BEGIN
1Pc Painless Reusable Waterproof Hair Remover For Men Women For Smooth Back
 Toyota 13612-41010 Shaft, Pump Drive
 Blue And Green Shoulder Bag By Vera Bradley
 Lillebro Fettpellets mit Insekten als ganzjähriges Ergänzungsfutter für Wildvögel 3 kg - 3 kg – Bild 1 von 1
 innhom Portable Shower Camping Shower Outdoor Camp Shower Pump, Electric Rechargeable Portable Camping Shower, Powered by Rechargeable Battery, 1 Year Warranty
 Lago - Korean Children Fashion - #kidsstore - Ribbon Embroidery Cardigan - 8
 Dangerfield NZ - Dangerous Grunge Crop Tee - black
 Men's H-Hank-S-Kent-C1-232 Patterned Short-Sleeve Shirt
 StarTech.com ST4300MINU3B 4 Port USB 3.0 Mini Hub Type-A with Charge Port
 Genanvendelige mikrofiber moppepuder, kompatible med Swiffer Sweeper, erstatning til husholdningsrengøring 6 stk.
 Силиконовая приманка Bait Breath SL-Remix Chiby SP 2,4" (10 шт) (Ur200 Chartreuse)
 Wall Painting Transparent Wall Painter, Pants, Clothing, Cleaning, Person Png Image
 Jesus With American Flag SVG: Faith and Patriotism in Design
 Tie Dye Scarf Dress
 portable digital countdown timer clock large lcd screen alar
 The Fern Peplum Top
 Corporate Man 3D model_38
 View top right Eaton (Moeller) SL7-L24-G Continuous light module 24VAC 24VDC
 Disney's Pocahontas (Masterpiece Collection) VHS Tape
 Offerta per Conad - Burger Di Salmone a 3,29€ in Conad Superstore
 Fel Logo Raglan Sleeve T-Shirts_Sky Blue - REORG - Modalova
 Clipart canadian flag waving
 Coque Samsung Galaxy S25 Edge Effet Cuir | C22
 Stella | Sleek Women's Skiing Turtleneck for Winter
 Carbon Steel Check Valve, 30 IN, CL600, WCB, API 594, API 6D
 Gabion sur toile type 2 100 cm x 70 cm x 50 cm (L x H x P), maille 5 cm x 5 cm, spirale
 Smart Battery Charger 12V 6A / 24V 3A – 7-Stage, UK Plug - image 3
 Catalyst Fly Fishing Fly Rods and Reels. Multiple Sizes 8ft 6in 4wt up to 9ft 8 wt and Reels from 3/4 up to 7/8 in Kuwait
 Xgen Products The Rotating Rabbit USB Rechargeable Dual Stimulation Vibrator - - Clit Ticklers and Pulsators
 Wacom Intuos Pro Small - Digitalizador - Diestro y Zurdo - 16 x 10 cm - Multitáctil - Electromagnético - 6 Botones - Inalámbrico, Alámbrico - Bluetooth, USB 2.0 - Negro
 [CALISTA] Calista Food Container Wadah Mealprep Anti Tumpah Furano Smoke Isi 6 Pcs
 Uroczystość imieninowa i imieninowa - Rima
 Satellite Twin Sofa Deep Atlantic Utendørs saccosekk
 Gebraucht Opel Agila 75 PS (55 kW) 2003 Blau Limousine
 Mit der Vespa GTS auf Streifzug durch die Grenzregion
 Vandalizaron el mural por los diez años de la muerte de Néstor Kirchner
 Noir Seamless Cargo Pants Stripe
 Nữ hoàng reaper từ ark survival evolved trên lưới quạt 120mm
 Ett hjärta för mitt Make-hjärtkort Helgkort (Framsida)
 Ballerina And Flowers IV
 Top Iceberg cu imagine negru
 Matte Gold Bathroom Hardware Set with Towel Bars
END
▸ **YOUR ASSIGNMENT**
Across the material, how many lines contain the word "Rechargeable"? Only the number is wanted.

▸ **YOUR SOLUTION**
2